# Another They Are Still Out There Thread



## schwinnbikebobb (Jun 10, 2016)

I have always seen the I found this hanging in the rafters from the original owners posts. Well today my number came up. Walked into a normal looking garage sale and this disc Orange Krate was hanging in the rafters untouched for 40 years. Lovely people but as always amazes me they said that "we have a sight unseen offer" but they worked with me and it came home. My first Krate. My birthday is next week so talked the wife into it as an early present. Most I have ever paid for a bike.


----------



## Gordon (Jun 10, 2016)

Incredible!
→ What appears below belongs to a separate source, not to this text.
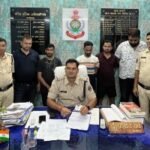 रायगढ़ में ऑनलाइन सट्टा खिलाने वालों पर चला पुलिस का डंडा   ● *ऑनलाइन सट्टा खिलाते पकड़े  5 आरोपी से 6 मोबाइल और नकदी जप्त, साइबर सेल, चक्रधरनगर और कोतवाली पुलिस ने मारा छापा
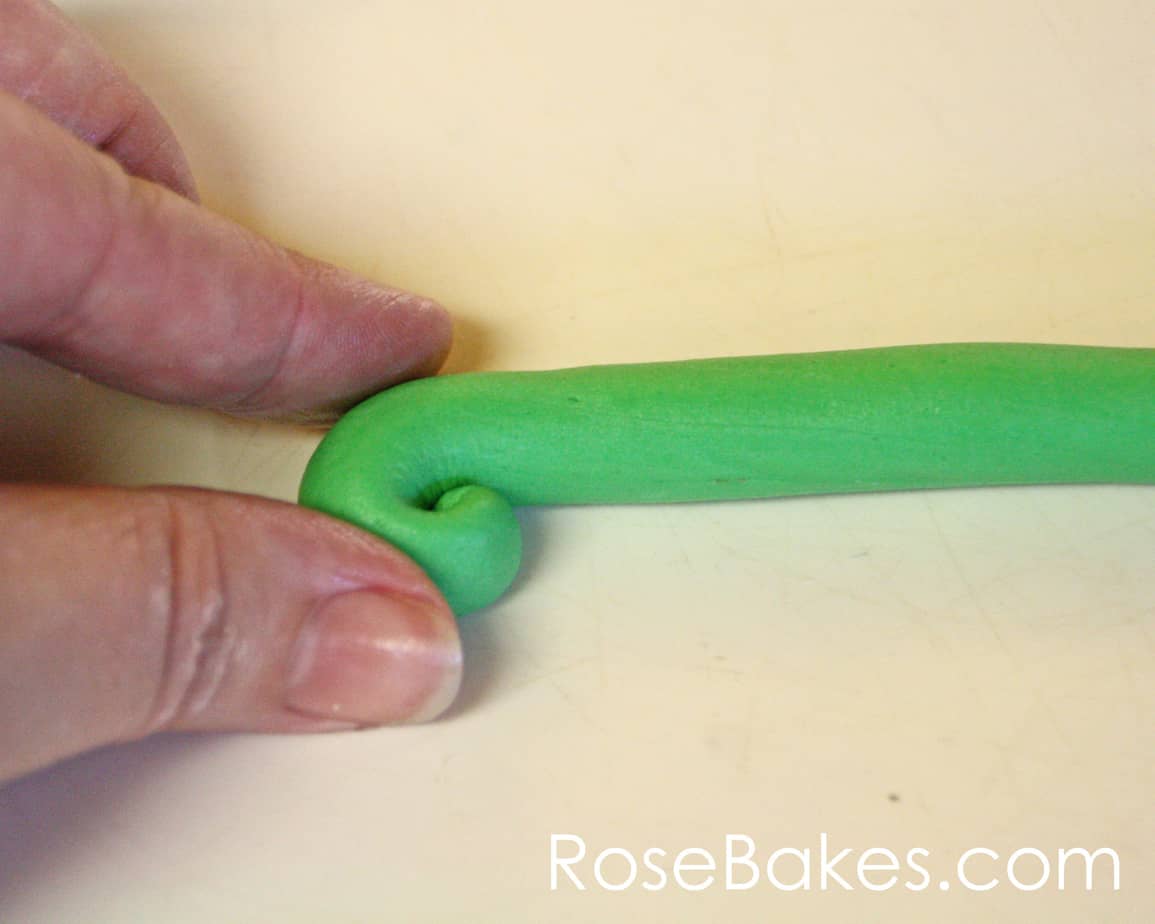 How to Make Fondant Number Cake Toppers 05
You gotta love these stories/finds.


----------



## mcmfw2 (Jun 10, 2016)

That should clean up nice....Great find


----------



## vastingray (Jun 10, 2016)

Congratulations great find


----------



## DonChristie (Jun 10, 2016)

Congrats! Stories like these keep us lookin! Ride on!


----------



## Jewelman13 (Jun 11, 2016)

Wow!!!!


----------



## Eatontkd (Jun 11, 2016)

WOW!


----------



## GTs58 (Jun 11, 2016)

Oh my! Now you're walking on the wild side Bob.   Very nice example, and Happy Birthday!


----------



## Sambikeman (Jun 14, 2016)

................ AWSOME FIND ................


----------



## jimsbeercans (Jun 23, 2016)

Great Story...I guess it was your turn to get a "goodie". I will clean up very nice.


----------